[Stored dataset items]
▬▬▬

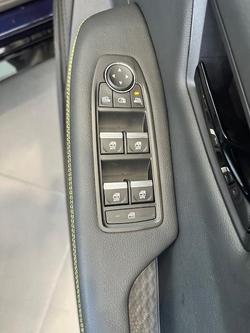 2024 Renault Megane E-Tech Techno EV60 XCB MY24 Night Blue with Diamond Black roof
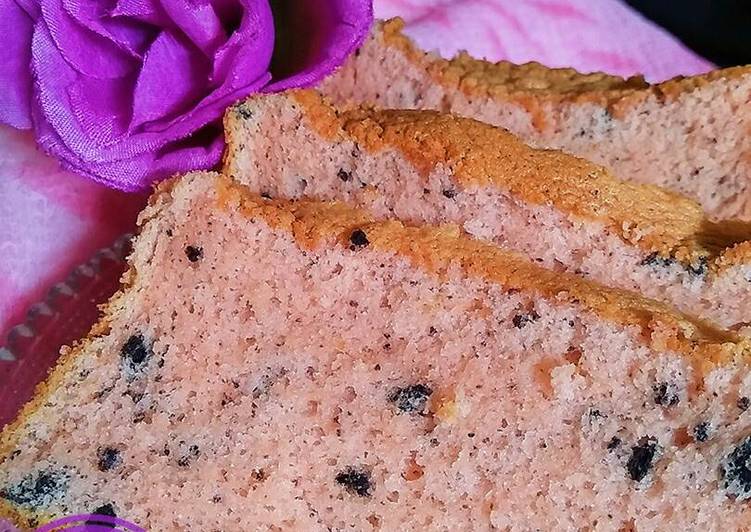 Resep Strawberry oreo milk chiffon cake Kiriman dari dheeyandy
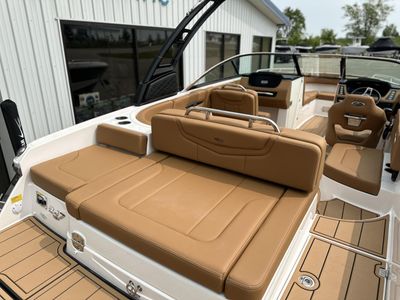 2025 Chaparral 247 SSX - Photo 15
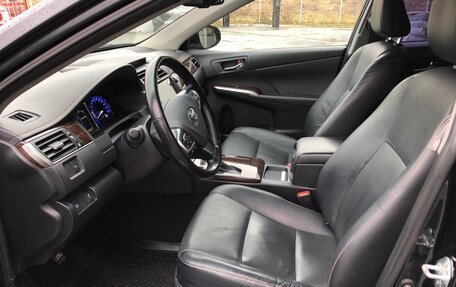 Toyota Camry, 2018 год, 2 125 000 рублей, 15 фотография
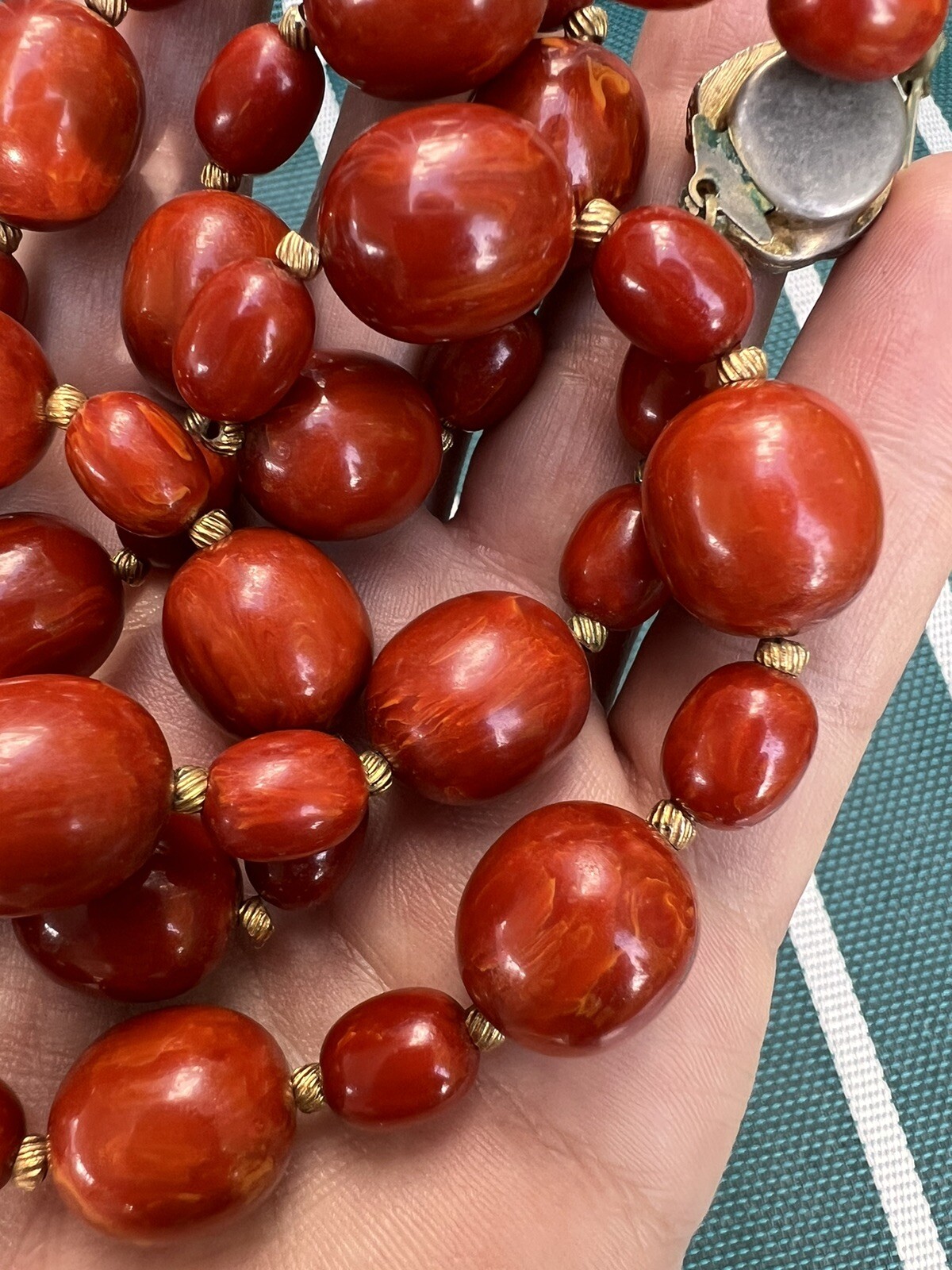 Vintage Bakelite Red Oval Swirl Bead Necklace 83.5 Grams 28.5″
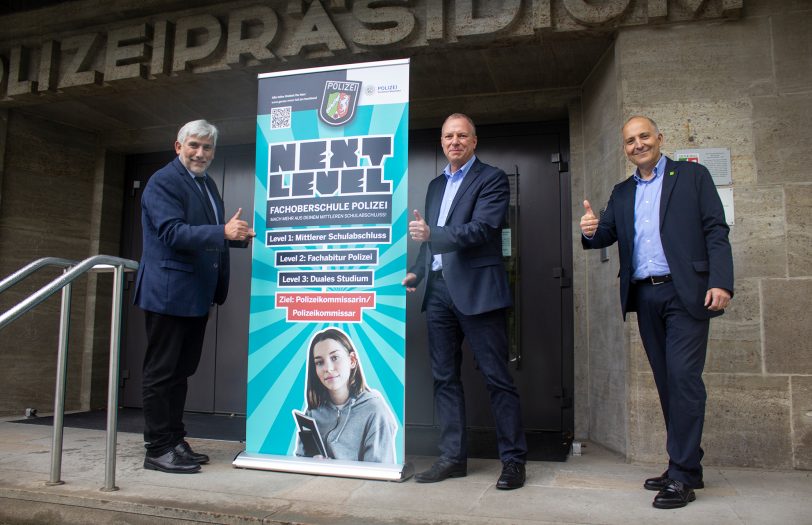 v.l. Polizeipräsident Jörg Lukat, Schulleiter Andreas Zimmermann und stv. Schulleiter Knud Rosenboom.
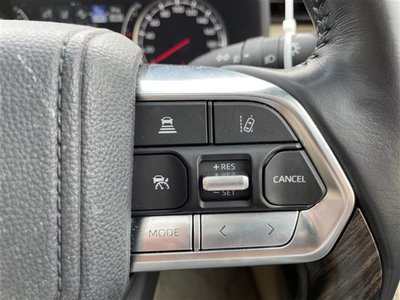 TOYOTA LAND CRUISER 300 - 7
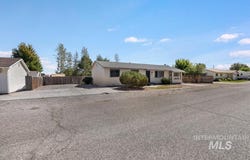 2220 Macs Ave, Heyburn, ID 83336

▬▬▬

| EXERCISE REQUIREMENTS |
Each record above should be retyped exactly, with no pictures carried over.

| EXERCISE ANSWER |
 2024 Renault Megane E-Tech Techno EV60 XCB MY24 Night Blue with Diamond Black roof
 Resep Strawberry oreo milk chiffon cake Kiriman dari dheeyandy
 2025 Chaparral 247 SSX - Photo 15
 Toyota Camry, 2018 год, 2 125 000 рублей, 15 фотография
 Vintage Bakelite Red Oval Swirl Bead Necklace 83.5 Grams 28.5″
 v.l. Polizeipräsident Jörg Lukat, Schulleiter Andreas Zimmermann und stv. Schulleiter Knud Rosenboom.
 TOYOTA LAND CRUISER 300 - 7
 2220 Macs Ave, Heyburn, ID 83336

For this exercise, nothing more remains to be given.